In marginal excision, the tumor is removed along with a margin of normal surrounding tissue to ensure that the tumor does not remain in the region. This process typically does not have life-threatening consequences. Complications of this surgery include the formation of seroma, wound infection at the surgical incision site, and damage to the nerves in the region (Huppes et al., 2016). During the dissection of the intermuscular lipoma in the hindlimb and the forelimb, the sciatic nerve and the brachial nerve plexus should be considered, respectively. In the event of damage to t vchese nerves, symptoms such as lameness or other neurological complications may be observed despite the complete removal of the mass (Case et al., 2012; Sullivan et al., 2021). However, in the case reported here, none of the symptoms of lameness or neurological complications caused by nerve damage were observed during examinations. Meticulous dissection during surgical removal can play a critical role in preventing these complications.

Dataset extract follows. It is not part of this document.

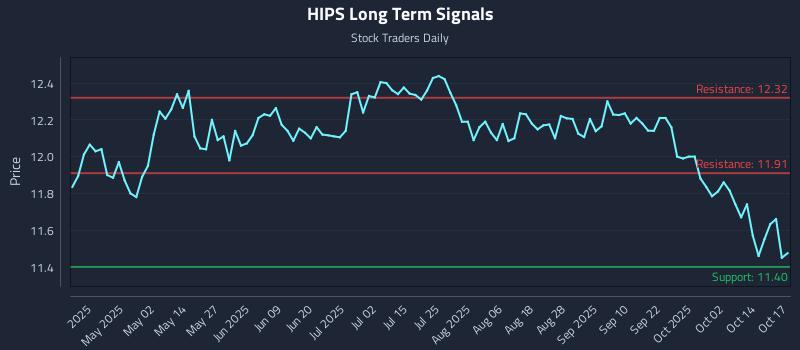 HIPS Long Term Analysis for October 18 2025 HIPS Long Term Analysis for October 18 2025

In conclusion, surgical removal of intermuscular lipoma is recommended due to its positive outcome for the patient.
Ethical Considerations
Compliance with ethical guidelines
The authors confirm that the ethical principles have been adhered to. No approval of research ethics committee was required as this was a clinical case under standard veterinary care
Funding
This research did not receive any grant from funding agencies in the public, commercial, or non-profit sectors.
Authors' contributions
Conceptualization, methodology and supervision: Saeed Farzad-Mohajeri; Writing the original draft: Seyedeh Fatemeh Safavi, and Saeed Farzad-Mohajeri; Validation, formal analysis, investigation, resources, visualization, review and editing: All authors.
Conflict of interest
The authors declared no conflict of interest.
Acknowledgments
The authors would like to thank Reza Agha Ebrahimi Samani for his technical assistance in preparation of histopathologic slides.